If you only have five variables, a genetic algorithm is probably not the right choice for converging upon a solution. With a chromosome length of five you're probably going to find that you very quickly reach a non-deterministic(this will change in subsequent runs) local minimum and slowly iterate around that space until you find the true local minimum.
However, if you are insistent on using a GA I would suggest abandoning that rule of thumb for this problem and really think about starting population as a measure of how far from the final solution you expect a random solution to be.
The reason that many rule of thumbs is dependent on chromosome length is because that's a decent proxy for this, if I have a hundred variables, and given randomly generating dna sequence is going to be further from ideal than if I had only one variable.
Additionally, if you're worried about computation intensity I'm going to go ahead and say that it shouldn't be an issue since you're dealing with such a small solution set. I think a better rule of thumb for smaller sets like this would be along the lines of:
(ln(chromosome_length*(solution_space/granularity)/mutation_rate))^2
Probably with a constant thrown in to scale for the particular problem.
It's definitely not a great rule of thumb (no rule is) but here's my logic for it:
Chromosome length is just a proxy for size of solution space, so taking into account the size of the solution space will necessarily increase the accuracy of this proxy
A smaller mutation rate necessitates a larger population size to compensate for the fact that you are more prone to get caught in local minima
Any rule of thumb should scale logarithmically since a genetic algorithm is akin to a tree search of your solution space.
The squared term was mostly the result of trying this out, but it looks like the logarithmic scaling was a little aggressive, though the general shape seemed right.
However I think a better choice would be to start at a reasonable number (100) and try iterating up and down until you find a population size that seems to balance accuracy with execution speed.
As with most genetic algorithm parameters population size is highly dependant on the problem. There are certain factors that can help to point in the direction of whether you should have a large or small population size but a lot of the time testing different values against a known solution before running it on your problem is a good idea (if this is possible of course).
A population size of 10 does seem rather small though. You say you have an equation with five variables. Is your problem represented by a chromosome of 5 values? It seems small for a chromosome and if this is the case it's likely that using a genetic algorithm may not be the best way to solve the problem. Perhaps if you give a bit more detail on your problem and how you are representing it people may have a better idea of how to advise you.

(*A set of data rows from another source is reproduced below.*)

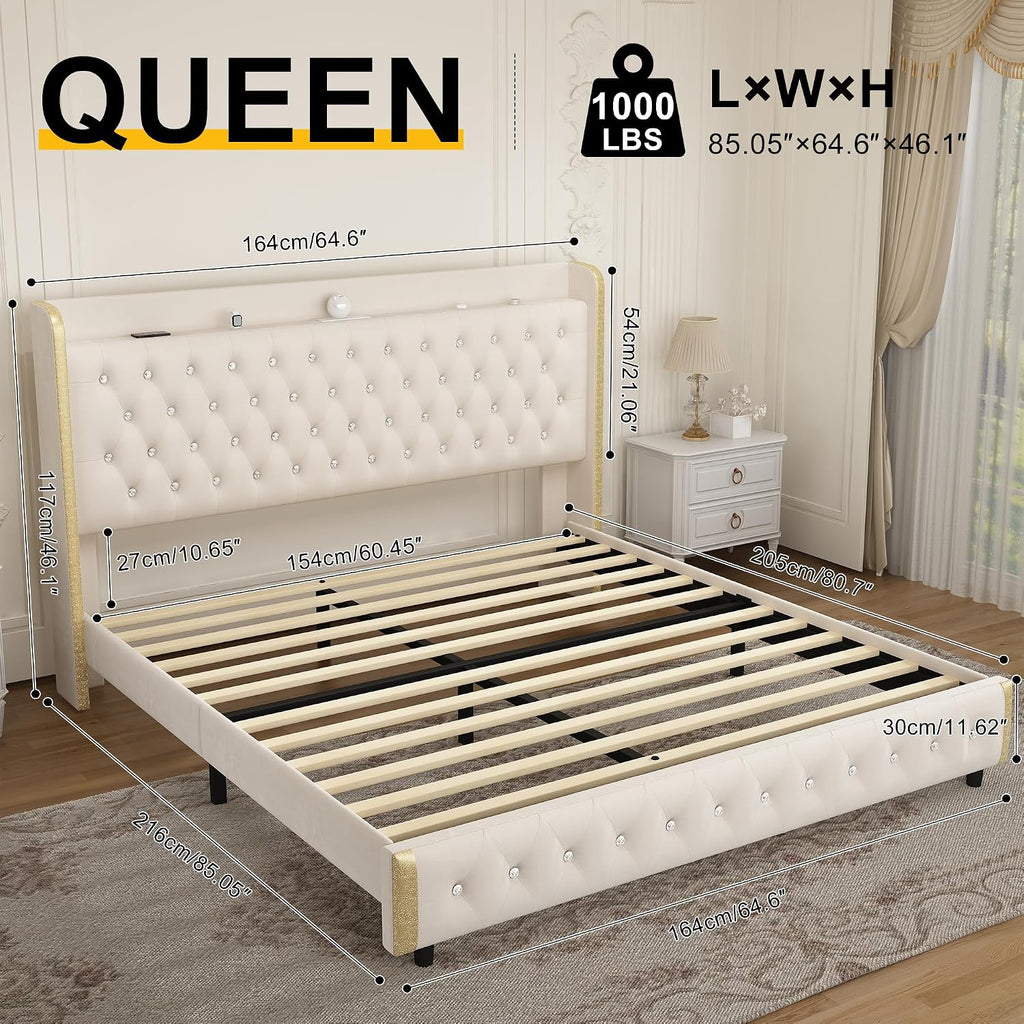 Queen Bed Frame with LED Lights and Galaxy Projecton, Upholstered Wingback Platform Bed, No Box Spring Needed, Sturdy Noiseless Modern Headboard with Starry Accents, Easy Assembly, Velvet Cream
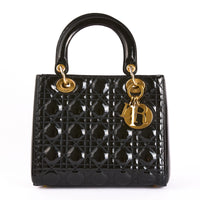 DIOR - Sac à main Lady Medium cuir vernis Noir - Hand Bag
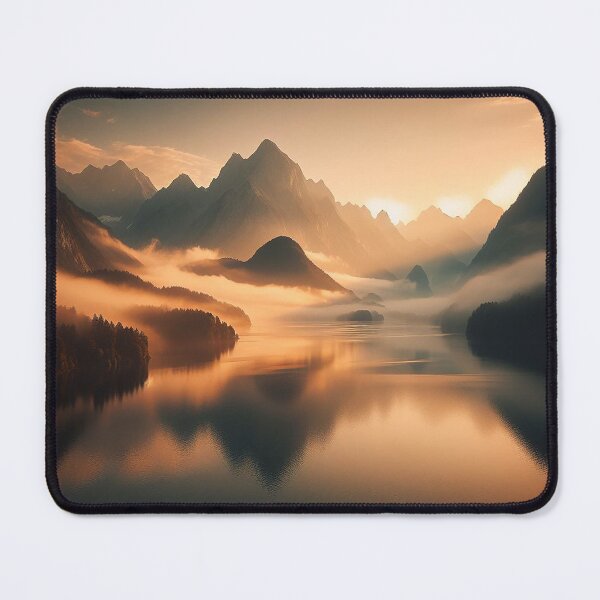 Item preview, Morning lights at the mountain lake designed and sold by Cerberus-Art.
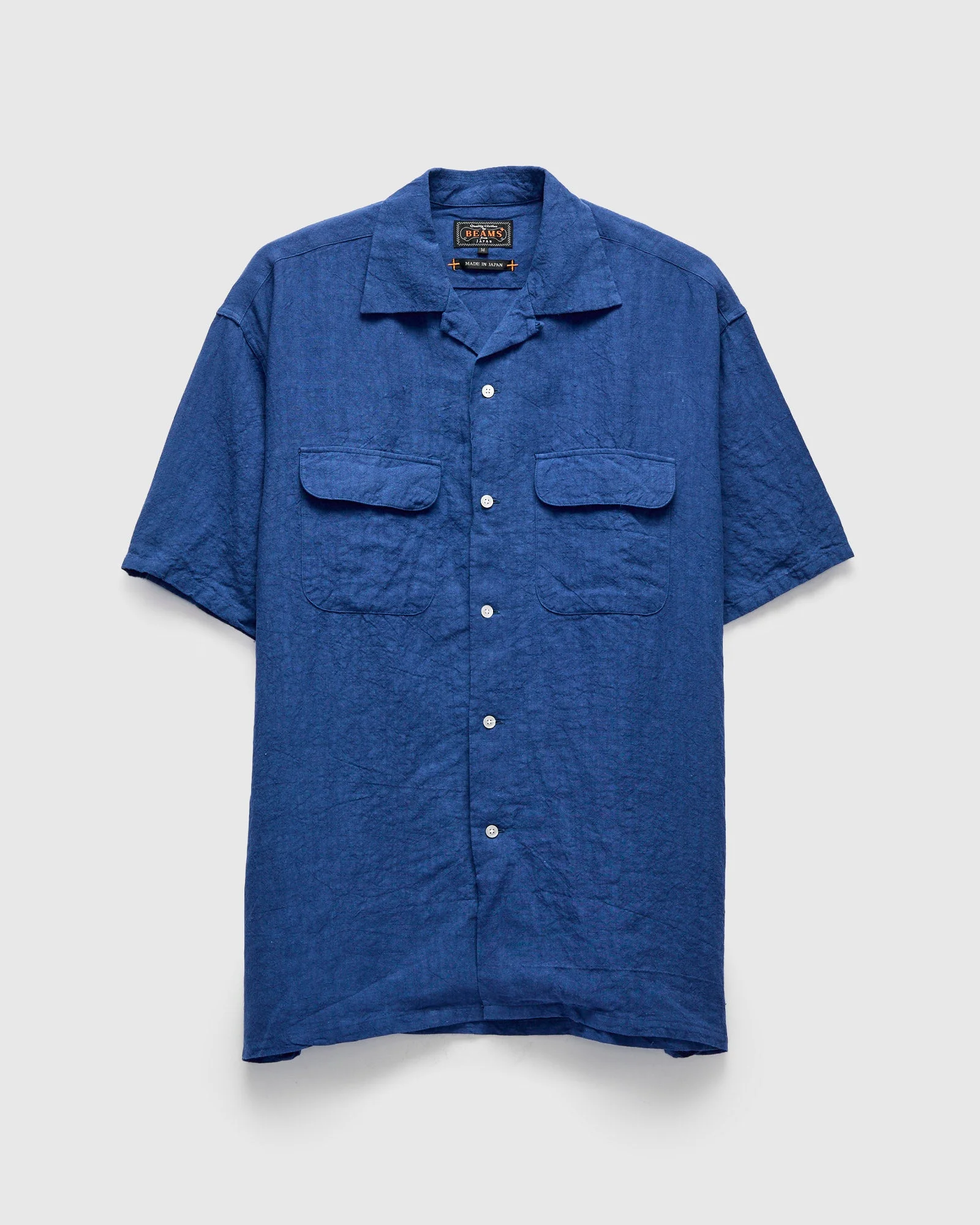1/40 Linen Open Collar Shirt in Blue - 1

I'd also add that your cons for large and small population sizes aren't exactly correct. A larger population size does take longer to process than a small one but since it can often solve the problem quicker then overall the processing time isn't necessarily longer. gain, it's highly dependant on the problem. With a smaller population size mutation shouldn't have to be more prominent. Mutation is generally used to stop the genetic algorithm from becoming stuck in a local maximum and should usually be a very small value. A small population is more likely to become stuck in a local maximum but if you have a mutation value which is too high you may be nullifying the natural improvement of the genetic algorithm.